Malware "Slingshot" secretly spread through the router for more than 6 years will be specified

byAndres Atehortua

Computer security company'sKasperskyWhile analyzing the cases suspected of keylogger,Virtual file systemMalware intervening in "Slingshot"We announced that it identified. According to Kaspersky, Slingshot knows that it infected more than 100 PCs for at least 6 years until it was specified in 2018, how to use the router as an infection route. SlingshotProject SauronYaReginIt is a complex and sophisticated attack platform comparable to that of the Middle East, and damage has been reported mainly in Africa from the Middle East.

Slingshot: Riding on a hardware Trojan horse - Kaspersky Lab official blog
https://www.kaspersky.com/blog/web-sas-2018-apt-announcement-2/21514/

The Slingshot APT FAQ - Securelist
https://securelist.com/apt-slingshot/84312/

(PDF file) The Slingshot APT Version: 1.0 (06.March.2018)
https://s3-eu-west-1.amazonaws.com/khub-media/wp-content/uploads/sites/43/2018/03/09133534/The-Slingshot-APT_report_ENG_final.pdf

Slingshot is a network product manufacturer in LatviaMikroTikIt turned out that we used an unknown fragility in the router made by us. Routers are doing normal work, downloading and executing various DLL files. The hacking group knows that one of the legitimate DLL files was replaced with a malicious DLL with the same file size being exactly the same, so that Slingshot was hidden in the router. However, I do not know yet how "could I hide a malicious DLL in the router at the very beginning?"

And if you execute MikroTik 's official router management software "Winbox Loader", malicious DLL files will be loaded and executed on the connected terminal.
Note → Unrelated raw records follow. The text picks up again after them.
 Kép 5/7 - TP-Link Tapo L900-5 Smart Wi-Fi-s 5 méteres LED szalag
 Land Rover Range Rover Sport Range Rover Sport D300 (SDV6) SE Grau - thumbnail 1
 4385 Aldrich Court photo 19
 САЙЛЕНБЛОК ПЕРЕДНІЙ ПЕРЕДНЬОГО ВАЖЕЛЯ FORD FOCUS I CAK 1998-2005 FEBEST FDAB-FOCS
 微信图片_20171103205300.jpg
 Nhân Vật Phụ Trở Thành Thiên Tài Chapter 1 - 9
MikroTik has already dealt with this problem and Kaspersky is calling to immediately update the firmware when using a MikroTik router, but "a similar attacker router It may not be limited to MikroTik "warning.
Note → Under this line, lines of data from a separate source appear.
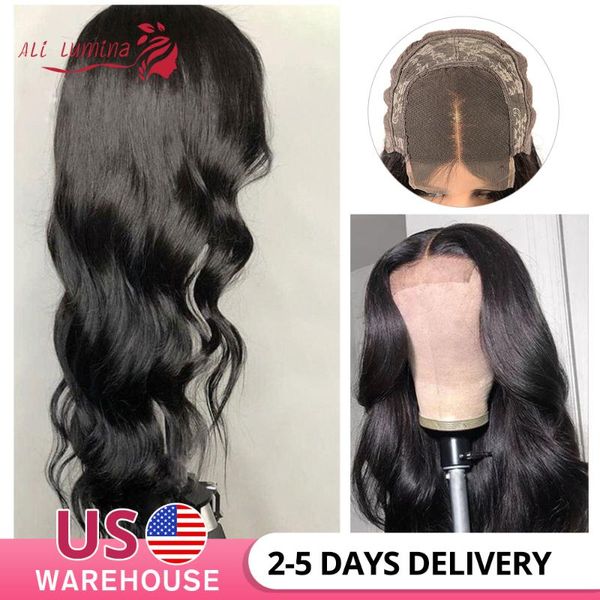 lace closure wig human hair wigs pre plucked body wave wig with baby hair 180% density 4x4 closure mongolian remy lace, Black;brown
lace closure wig human hair wigs pre plucked body wave wig with baby hair 180% density 4x4 closure mongolian remy lace, Black;brown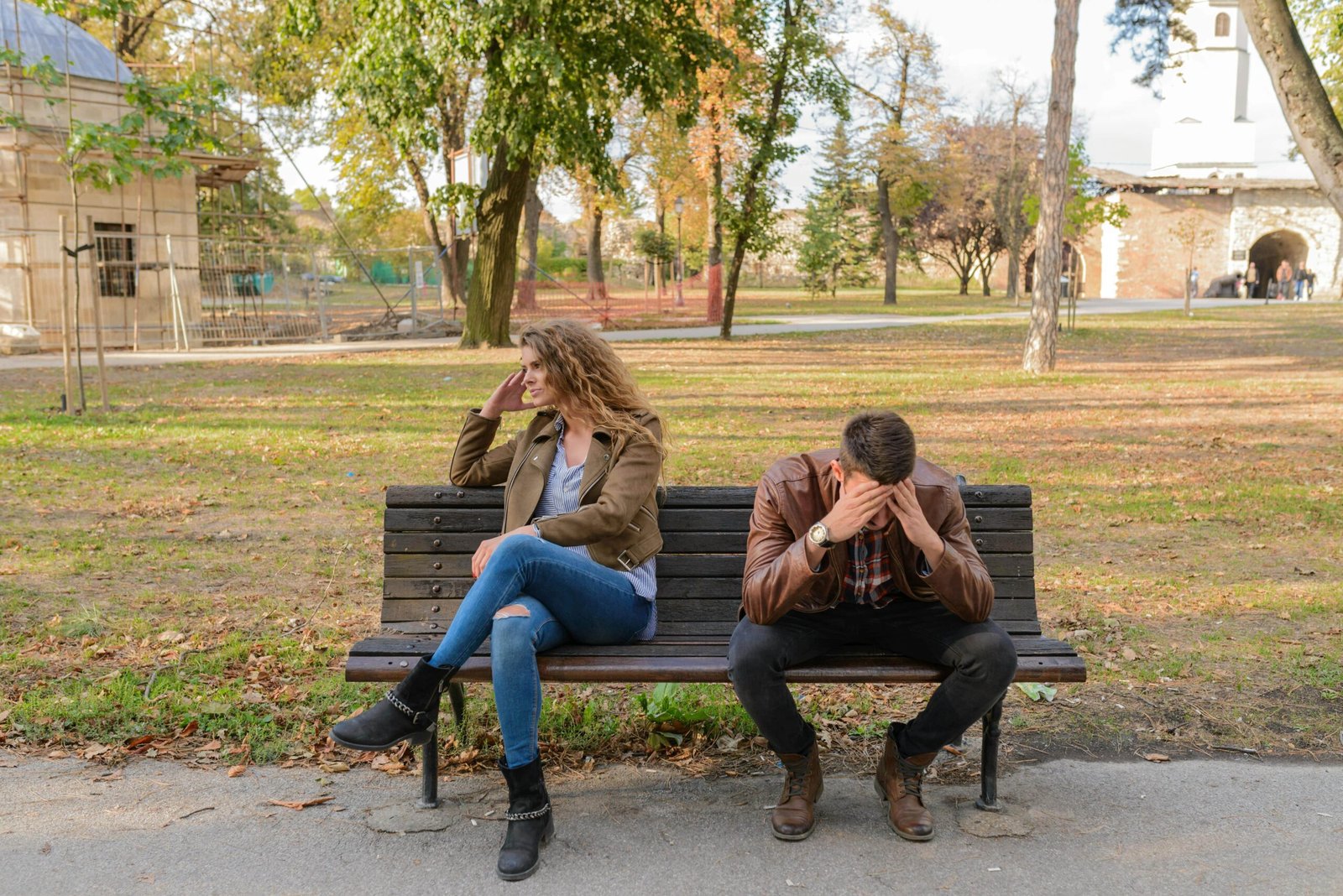 ROCD: 5 Hidden Doubts About Your Partner's Attraction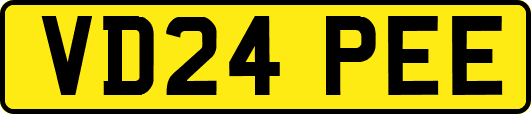 VD24PEE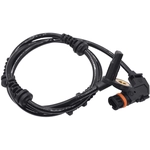 Order WALKER PRODUCTS - 241-1175 - ABS Wheel Speed Sensor For Your Vehicle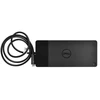 DELL DOCK WD19S 180W Used (Atnaujinta)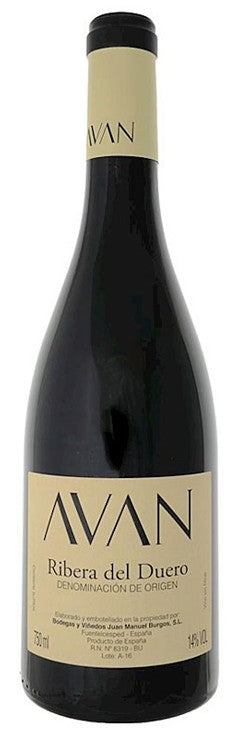 Cuatro-Rayas-Avan-2022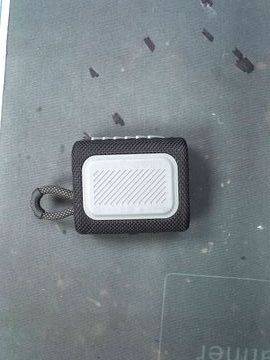 01-200756940: Jbl go 3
Slingshot consists of two modules, "Cahnadr" and "GollumApp". CahnadrKernel modeIt is also possible to crash the whole file system and execute a malicious program without issuing a blue screen in the module. GollumApp is a user mode module which can capture screenshots, steal data on the clipboard, steal network information, steal passwords stored in web browsers, and so on.


Furthermore, Slingshot was designed skillfully to avoid detection by security software, such as aborting the program immediately after confirming the movement of security software and completing the task before the PC is shut down. As a result, the specification was delayed, and since the first sample was detected in 2012, it has been idle for at least 6 years until 2018.

According to Kaspersky's survey, the damage of Slingshot has been confirmed in Africa · Middle East area including Afghanistan · Libya · Congo · Jordan · Turkey · Sudan · Iraq · Somalia · Tanzania, mainly in Kenya and Yemen. More than 100 PCs were damaged, including those of government-affiliated institutions and companies.


The sample which was investigated was recorded as "version 6.x", and it is expected that the necessary skill and cost to develop this complex malware for a long time will be very high. In addition, since the text in the code contained English, it is also suggested that the hacking group may have English as their mother tongue. Therefore, Kaspersky insists that the hacking group that created this Slingshot is a highly organized professional group and the possibility that the state is sponsored is also high.